• **Data block**:
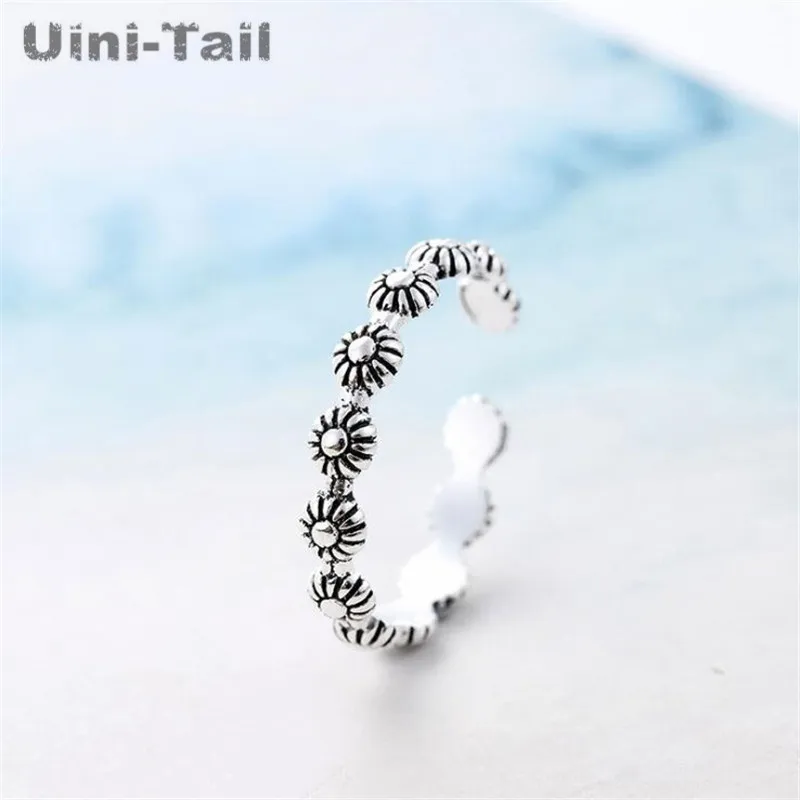 Uini-Tail hot new 925 sterling silver retro flower ring national wind jewelry factory custom foreign trade Thai silver ring
Uini-Tail hot new 925 sterling silver retro flower ring national wind jewelry factory custom foreign trade Thai silver ring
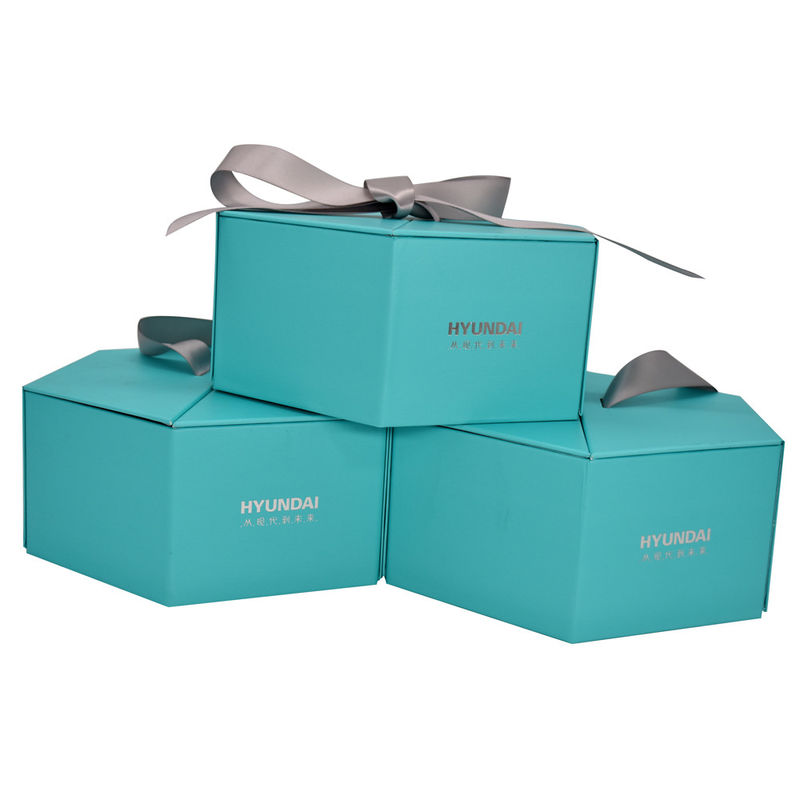 Scatola di imballaggio di forma unica Fashion Desigh Scatola irregolare per gioielli Luxury Makeup Sets Scatola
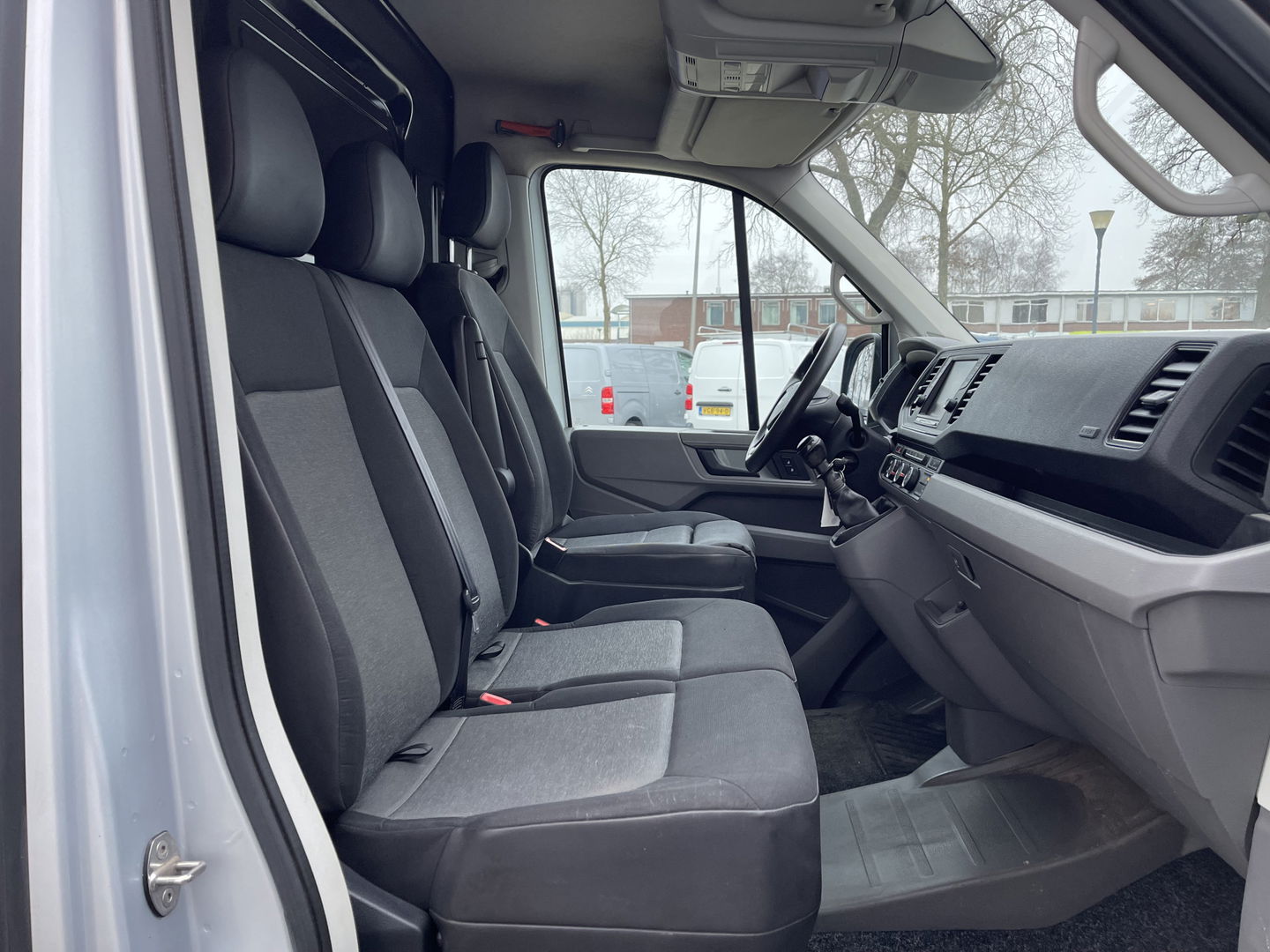 Volkswagen Crafter 30 2.0 TDI L3H2 Comfortline ( voorheen L2H1 ) / euro 6 / bpm vrij / lease vanaf € 358 / vaste prijs rijklaar € 21.950 ex btw / zilver metallic / airco / cruise / navi / pdc voor en achter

• **What you are asked to do**:
Leaving the pictures aside, copy exactly and only the lines from the one holding "Scatola di imballaggio" through the final line of the data, both ends kept.

• **Solution to this problem**:
 Scatola di imballaggio di forma unica Fashion Desigh Scatola irregolare per gioielli Luxury Makeup Sets Scatola
 Volkswagen Crafter 30 2.0 TDI L3H2 Comfortline ( voorheen L2H1 ) / euro 6 / bpm vrij / lease vanaf € 358 / vaste prijs rijklaar € 21.950 ex btw / zilver metallic / airco / cruise / navi / pdc voor en achter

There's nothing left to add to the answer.